_Activity:_
Copy exactly the lines from the one containing "Unitek obudowa pcie" through the last line of the records below, including both, and leave out any pictures.

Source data
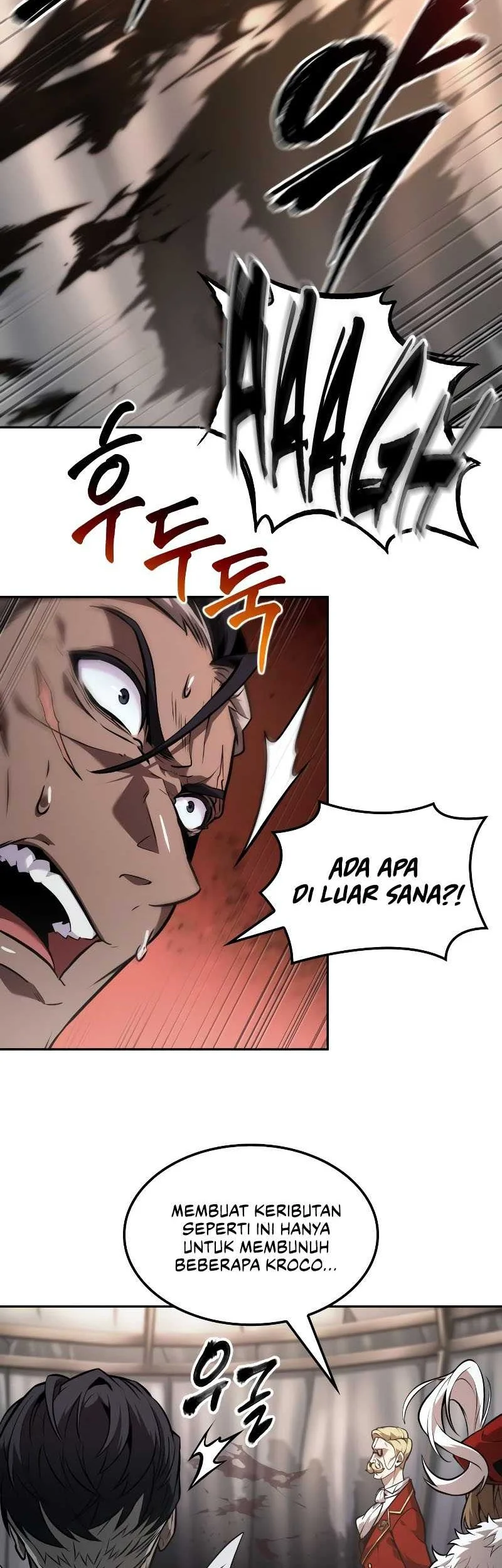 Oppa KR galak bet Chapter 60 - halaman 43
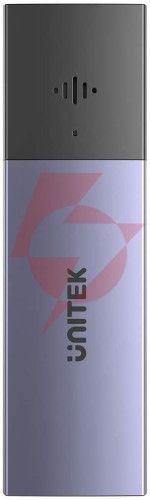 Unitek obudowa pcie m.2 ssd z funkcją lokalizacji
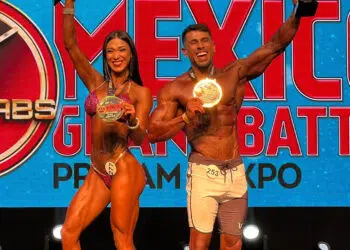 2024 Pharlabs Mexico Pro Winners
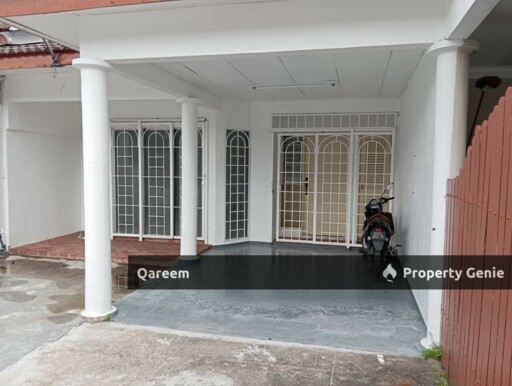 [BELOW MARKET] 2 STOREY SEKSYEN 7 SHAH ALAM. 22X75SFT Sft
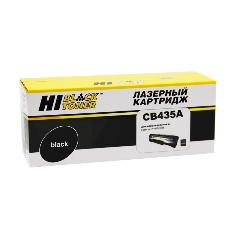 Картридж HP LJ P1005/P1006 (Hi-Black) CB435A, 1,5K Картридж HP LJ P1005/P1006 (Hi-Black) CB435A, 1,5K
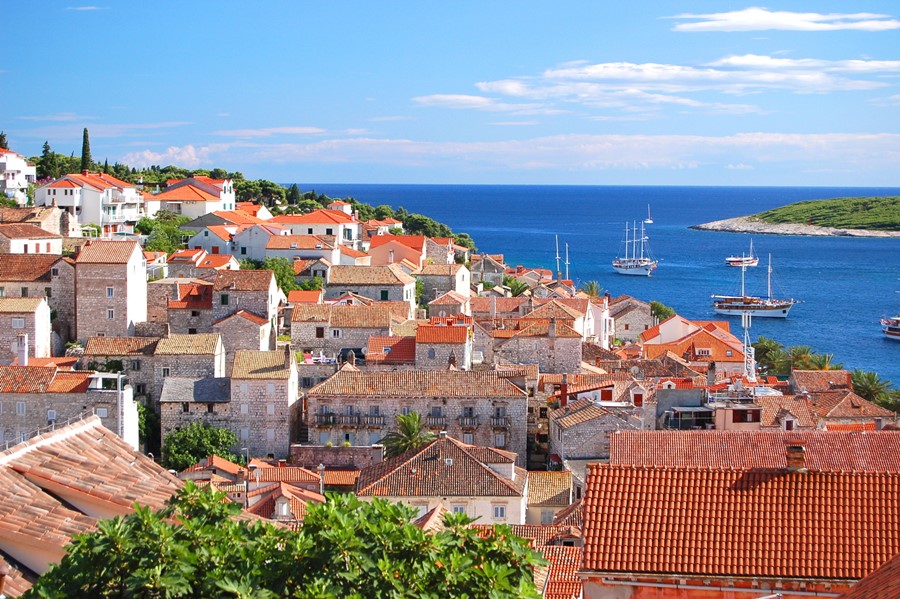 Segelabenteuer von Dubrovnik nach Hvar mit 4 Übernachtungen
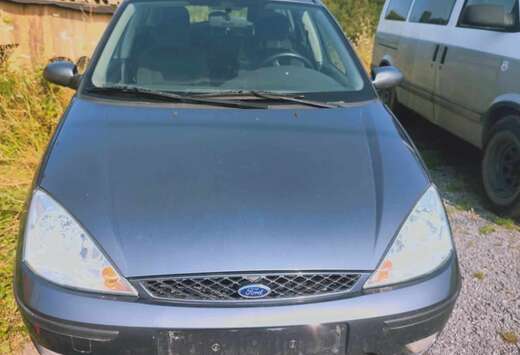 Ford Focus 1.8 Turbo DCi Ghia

_Solution to the problem:_
 Unitek obudowa pcie m.2 ssd z funkcją lokalizacji
 2024 Pharlabs Mexico Pro Winners
 [BELOW MARKET] 2 STOREY SEKSYEN 7 SHAH ALAM. 22X75SFT Sft
 Картридж HP LJ P1005/P1006 (Hi-Black) CB435A, 1,5K Картридж HP LJ P1005/P1006 (Hi-Black) CB435A, 1,5K
 Segelabenteuer von Dubrovnik nach Hvar mit 4 Übernachtungen
 Ford Focus 1.8 Turbo DCi Ghia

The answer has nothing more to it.